Zu § 528 BGB s. auch
BGH NJW 2004, 1341 und BGH NJW 2007, 60. Zur Verjährung s. BGH v. 22.4.2010 - Xa ZR 73/07; zur Frist nach § 529 s. BGH v. 19.7.2011 - X ZR 140/10

©sl 2010


Tatbestand:

1 Der Kläger nimmt die Beklagte aus übergeleitetem Recht gemäß § 93 Abs. 1 SGB VIII auf Erstattung von Sozialhilfe in Anspruch, die er der Mutter der Beklagten in der Zeit vom 6. Mai 2002 bis zu deren Tod am 25. März 2003 gezahlt hat.

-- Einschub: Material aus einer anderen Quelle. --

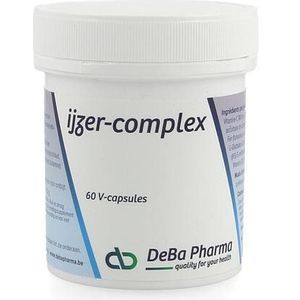 Ijzer Complex Vegetat. Capsule 60x25 mg  -  Deba Pharma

2 Mit notariellem Vertrag vom 11. Oktober 1995 schenkte die Mutter der Beklagten dieser ihren ideellen Anteil von 1/3 an einem Grünland/Ackergrundstück mit Hütte. Mit Überleitungsbescheid vom 20. Juni 2005 leitete der Kläger den Anspruch der Verstorbenen auf Rückforderung der Schenkung bis zur Höhe von 7.389,46 € wegen geleisteter Sozialhilfe auf sich über. Die Beklagte hat dem Kläger die Übertragung des Grundstücksanteils angeboten, was der Kläger jedoch abgelehnt hat.

3 Der Kläger hat beantragt, die Beklagte zu verurteilen, an ihn 7.389,46 € nebst Zinsen zu zahlen.

4 Die Beklagte ist dem entgegengetreten.

5 Das Landgericht hat die Klage abgewiesen. Die Berufung ist erfolglos geblieben.

6 Mit der vom Berufungsgericht zugelassenen Revision verfolgt der Kläger sein Klageziel weiter.

7 Die Beklagte tritt dem entgegen.

Entscheidungsgründe:

8 Die zulässige Revision ist nicht begründet.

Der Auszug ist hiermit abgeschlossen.